OK. Conforme os livros de história mostram, a lenda do curupira já era conhecida dos portugueses desde o século XVI, sendo o primeiro a citá-la o padre jesuíta José de Anchieta, em São Vicente no ano de 1560. Outro relato foi o do padre João Daniel, em 1797, narrando as terríveis conseqüências de se encontrar frente a frente com o curupira. Este personagem já esteve associado a muitos casos de violência, abusos sexuais, rapto de crianças e horror psicológico. Capaz de enfeitiçar as crianças, as raptava e somente depois de sete anos elas eram devolvidas aos pais. Criando a fama de mau espírito, disposto a assombrar as noites dos índios e dos bandeirantes. Entretanto, como qualquer outra divindade de sua ‘religião’, os índios acreditavam e respeitavam tanto o curupira que muitos, quando iam entrar na floresta, prestavam oferendas para garantir proteção.
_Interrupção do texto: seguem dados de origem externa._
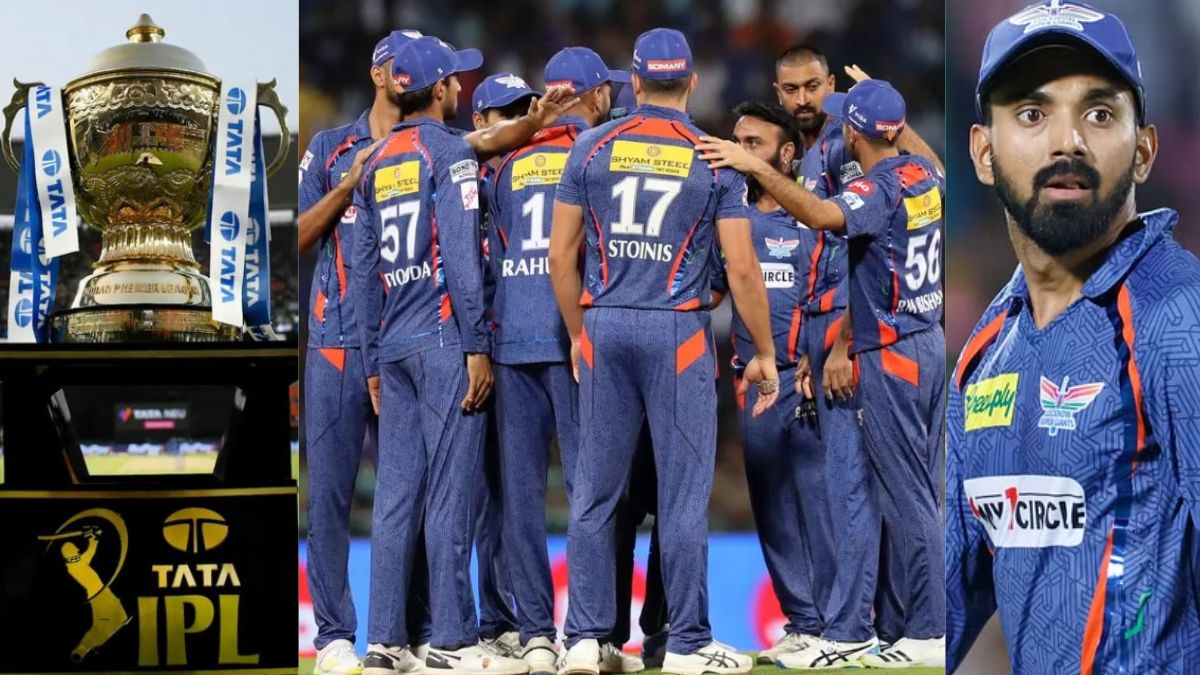 This player cheated Lucknow Super Giants for Rs 50 lakh, is out of IPL 2024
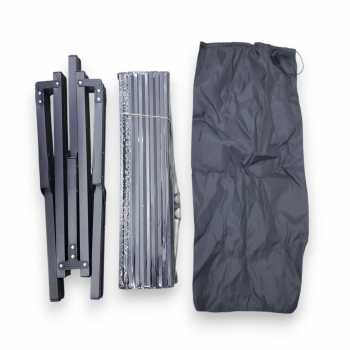 Gambar produk TaffSPORT Meja Lipat Portable Camping Table Foldable Carbon Steel - ST12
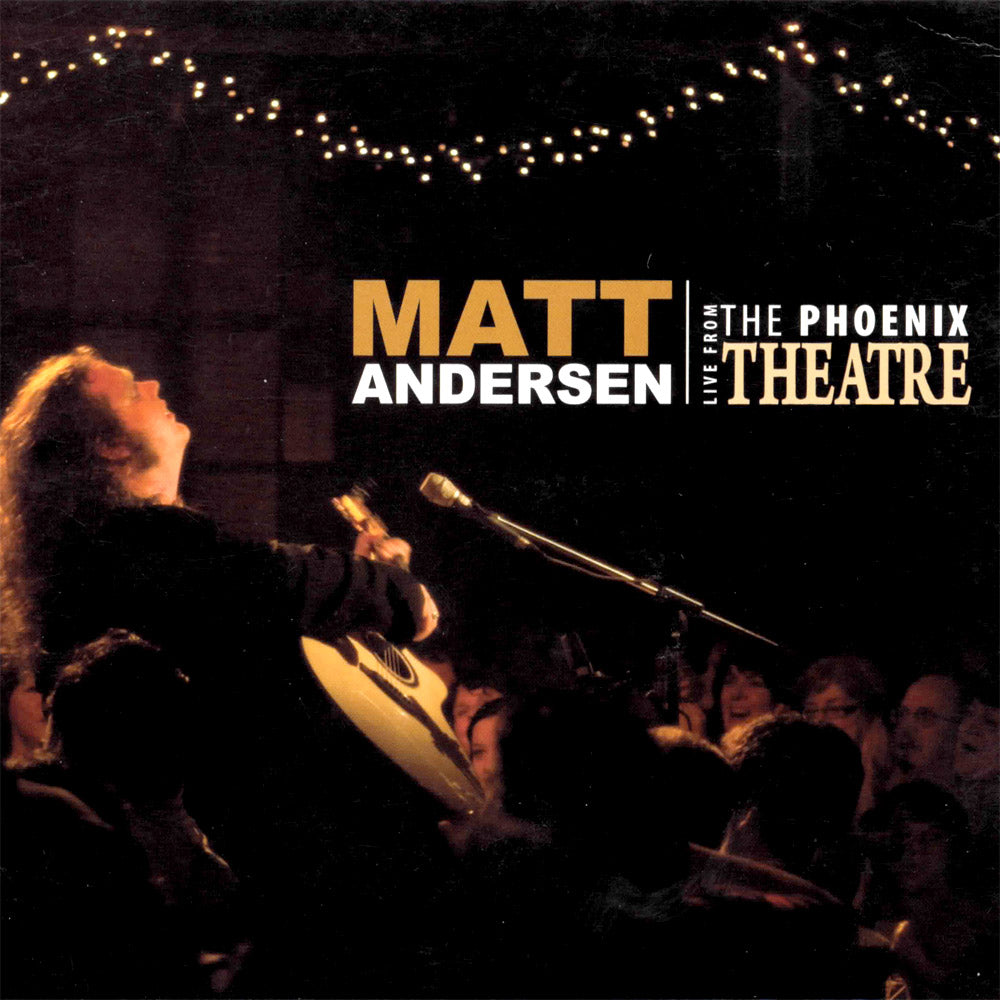 Live from the Phoenix Theatre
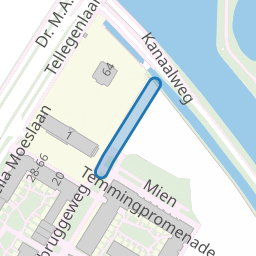 Regina Landzaatpad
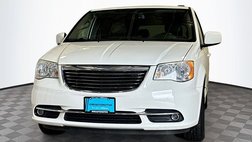2013 Chrysler Town and Country Touring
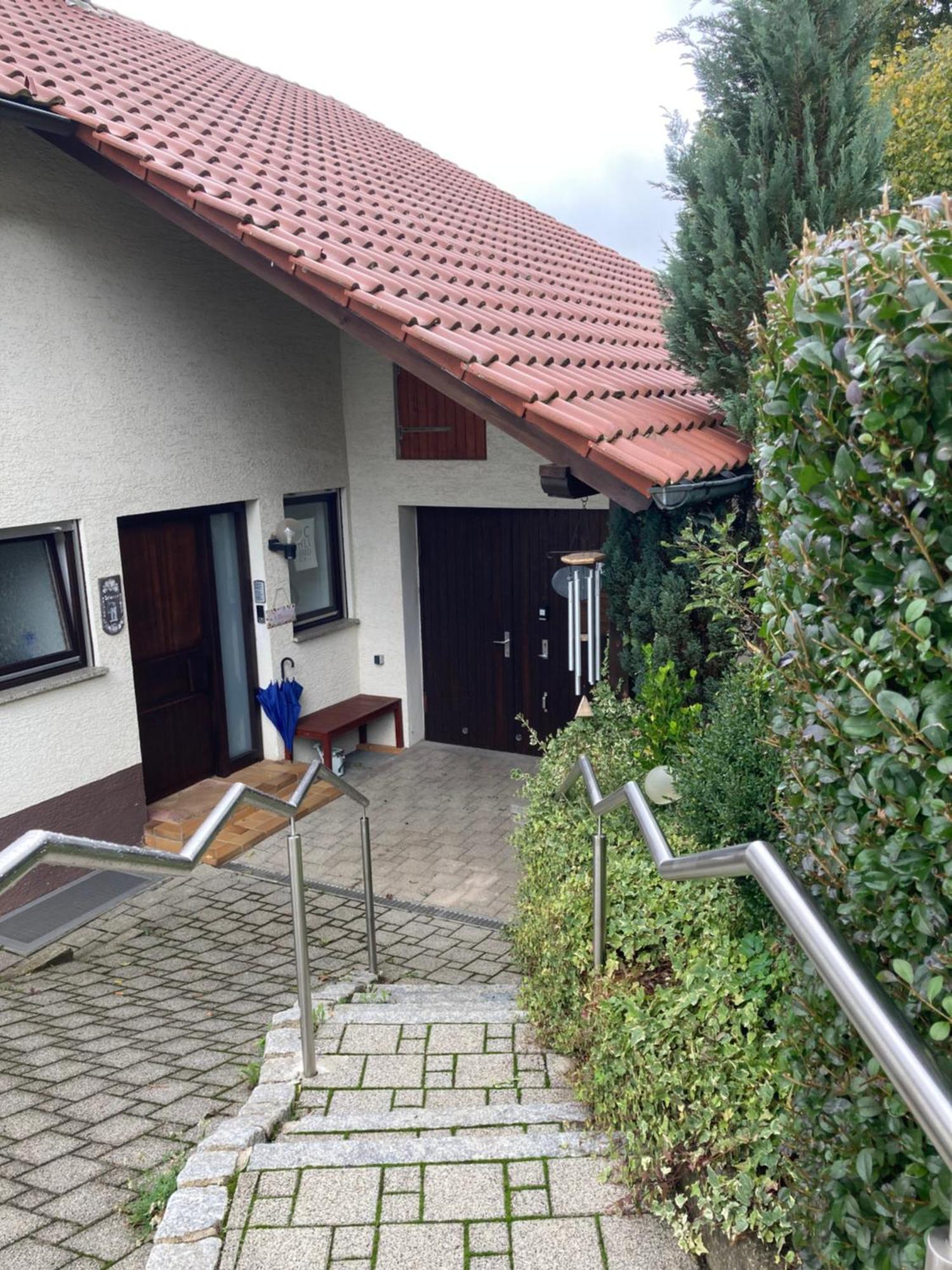 Lichtdurchflutete Ferienwohnung Sankt Johann  Екстериор снимка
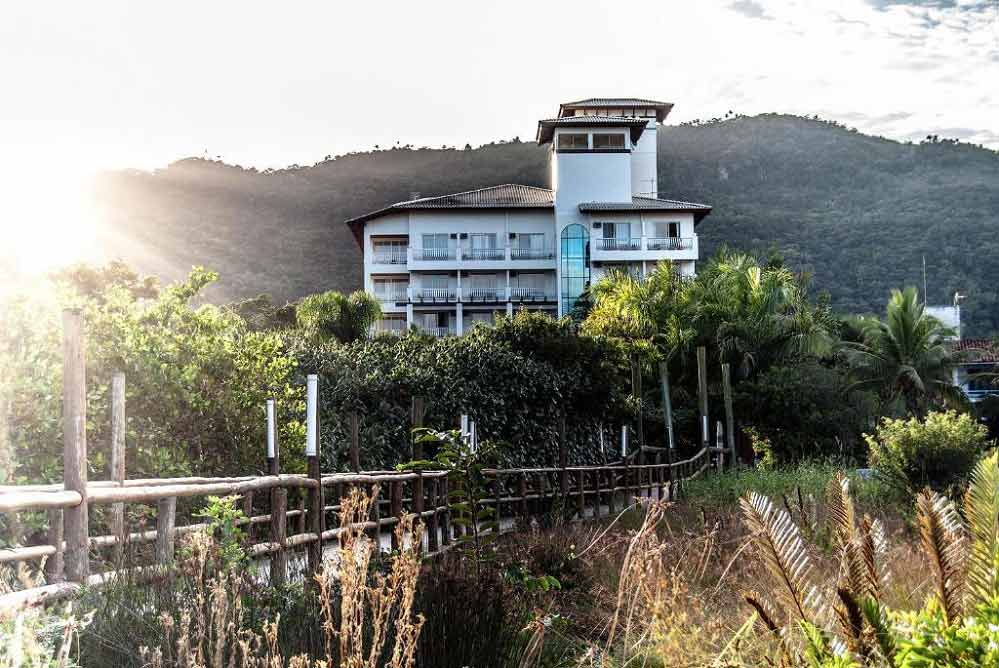 Hotel Torres da Cachoeira – Florianópolis – foto Booking.com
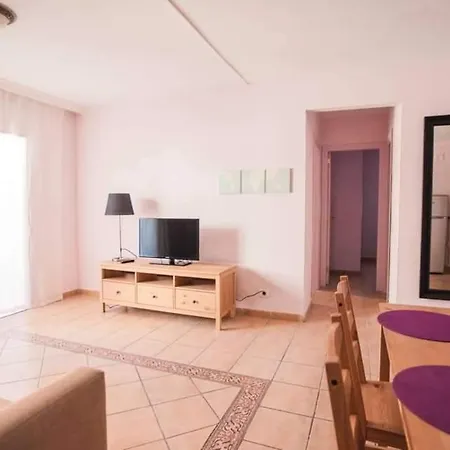 Apartment Avenida Puig Arona  Exterior foto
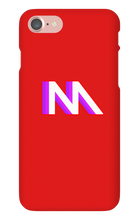 MELLO iPhone Phone Cases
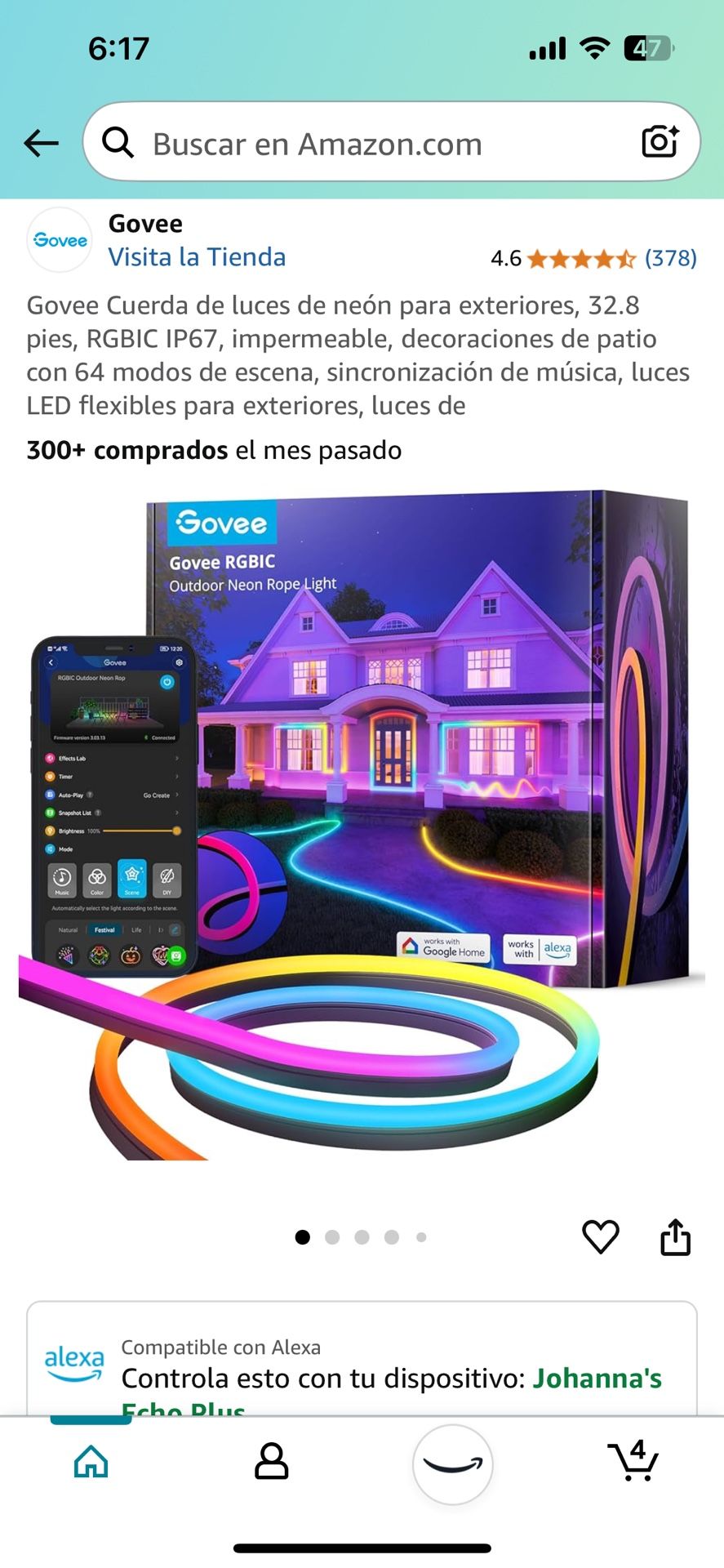 Govee Led Lights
Nota-se que o “monstro” sempre esteve presente na composição do Curupira e que a única diferença era a forma como o tratavam. No caso, “demonizar” um personagem não significa torná-lo ruim e sim natural ao seu meio. Qual seria o apelo de perigo aos caçadores se a criatura fosse somente citada como uma criança de pés virados montada num porco e pedindo “por favor, não matem os bichinhos”?
Bom...mas voltemos ao filme...
O que me chateou sobre Curupira: O Demônio da Floresta não foi a “rede de escândalos” e sim a total falta de ousadia com o tema. O filme tem até um potencial em algumas partes como as cenas de gore e quando a criatura enlouquece as pessoas imitando as vozes dos outros protagonistas no momento em que foram mortos, mas faltaram elementos que enriqueceriam o filme se bem montadas. As locações são espetaculares, os planos de filmagem são dignos e nota-se certo cuidado na criação do roteiro, mas infelizmente tudo acabou se tornando uma espécie de clone do Predador.
Eu mesmo comprei a idéia muito pelo designer da criatura ilustrada no pôster do filme, uma criatura enrugada e esverdeada escondida pela mata selvagem, mas o que vemos no decorrer do filme é uma pessoa de látex (Flávia Barroso) encoberta por After Effects, descaracterizando drasticamente todo o trabalho da equipe de maquiagem e o mesmo ocorreu com as mudanças loucas das trilhas de fundo do filme, que mudam do incidental ao metal extremo tirando todo o foco do espectador quanto a trama e isso não teve nada a ver com falta de recursos. Citarei aqui que em 2019, Felix Blume lançou Curupira: Bicho do Mato, um curta de 40 minutos com closes, sons da floresta e fones de ouvido e conseguiu passar neste tempo toda a essência e o medo que os locais tem da famigerada criatura...
Fútil e absolutamente esquecível, este filme entrará para o hall do horror brazuca somente pela confusão e “escândalos” gerados pela sua produção.
Curupira: O Demônio da Floresta tem produção da Raça Ruim Filmes e Lengo Studius e coprodução da Guarnicê Produções.